Tuesday, February 1, 2011

For the past week the Egyptian riots have rocked the Middle Eastern nation that many investors have recognized as a nation with true economic potential but a lot of lingering doubts about security and stability.

As with any nation that undergoes a political upheaval, investment tends to rapidly leave a country in a process known as capital flight due to uncertainty in the future (i.e. A socialist dictator overtakes a capitalist society with a weak ineffective government). Egypt was no different. Internet access was cut off and the protest has only intensified in the past week to become the March of One Million, but for some reason the effect of capital flight wasn't so pronounced on international markets as it should have been.

From a Western perspective, the riots while best avoided haven't done serious damage. January 28th, a significant day in the protests, caused a greater economic grievance for the EGX (Egypt's local index) which declined 10% but in the US, DJIA, Nasdaq and S&P suffered declines less than 2 %. Today is February 1st and the markets do not at all seem to be acting riled, on the contrary all 3 indexes gained most of what they had lost on Friday. The worst effect that all markets are experiencing is a rise in oil prices which is to be expected but overall not a bad month for Indexes across the world.

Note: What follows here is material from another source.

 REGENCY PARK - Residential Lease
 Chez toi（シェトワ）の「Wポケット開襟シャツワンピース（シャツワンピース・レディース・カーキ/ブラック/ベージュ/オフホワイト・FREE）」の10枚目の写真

The riots I think are arriving at a good time. Egypt has long dealt with corruption, brutality, and a surging unemployment rate along with austere living conditions for 40% of its labor force who live under 2 USD per day. After a week of intense protesting have received assurances that their long serving president Hosni Mubarak will not seek reelection and many are still calling for him to resign now. Mubarak's resignation will certainly be a kick to the jaw for the United States who have come to respect his position as a moderator for Israel-Middle East relations. But other than that slight hurdle, I think Egypt is tending towards a more moderate direction. Many commentators fear another situation similar to the Iranian Revolution of 1979, but this protest is led more so to drive out Domestic Inhibitors than Western Imperialists.

Considering Egypt is one of the new emerging market groups under the acronym CIVETS, an economic group of countries similar to BRIC who would be able to combine their strengths and create an influential trading bloc, these protests should have caused a major backlash. However, Egypt's lack of media usage has not been able to attract many investors to these regions because of its relatively unknown economic nature. Egypt is a diversified economy and is not so oil dependent as some of its Middle East and African neighbors, but not to the degree that BRIC nations have been able to garner. These protests will definitely help Egypt's cause in the next few years as long as the movement does not radicalize, because the situation has gained a lot of international attention whereas the most recent riots in April 2008 was barely noticed. The blocking of sites like Google, Facebook, and Twitter did not keep young Egyptians from sending updates about the situation and once the new leader steps in via election, Egypt will reactivate its economic engine to serve as a model for aspiring non-oil African nations.